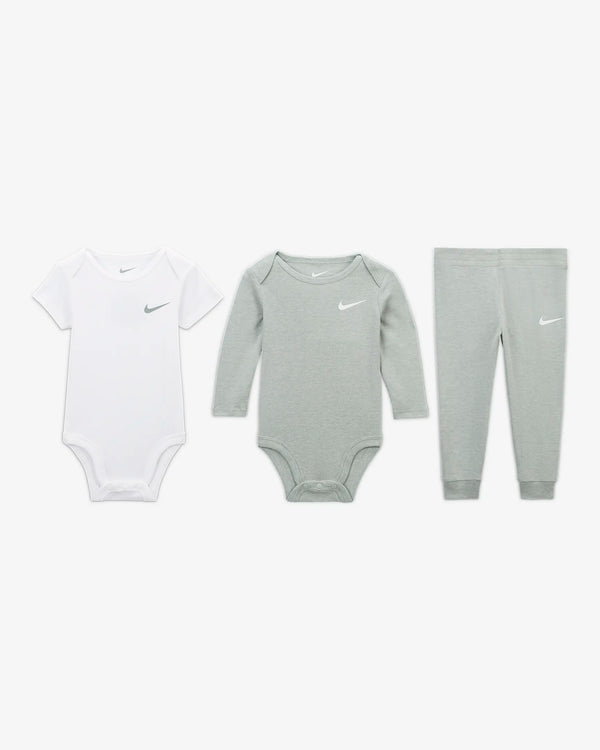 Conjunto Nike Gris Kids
---
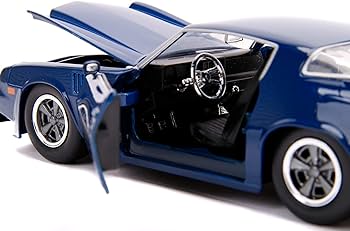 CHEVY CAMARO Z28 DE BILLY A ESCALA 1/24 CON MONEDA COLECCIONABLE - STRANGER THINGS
* * *
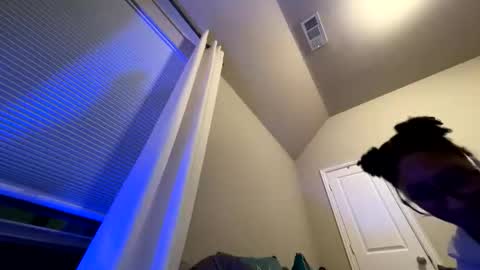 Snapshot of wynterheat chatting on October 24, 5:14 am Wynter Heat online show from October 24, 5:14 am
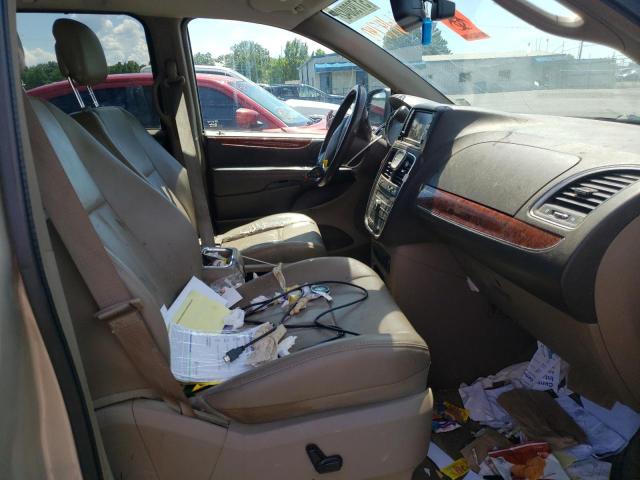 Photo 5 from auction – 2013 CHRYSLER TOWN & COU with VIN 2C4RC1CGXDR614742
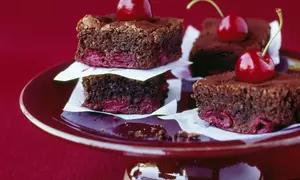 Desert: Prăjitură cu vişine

*DIRECTIONS FOR THIS TASK*.
Without the pictures, give again exactly the lines above starting at the line containing "Photo 5 from" and ending at the line containing "Desert: Prăjitură cu vişine".

*TASK OUTPUT*.
 Photo 5 from auction – 2013 CHRYSLER TOWN & COU with VIN 2C4RC1CGXDR614742
 Desert: Prăjitură cu vişine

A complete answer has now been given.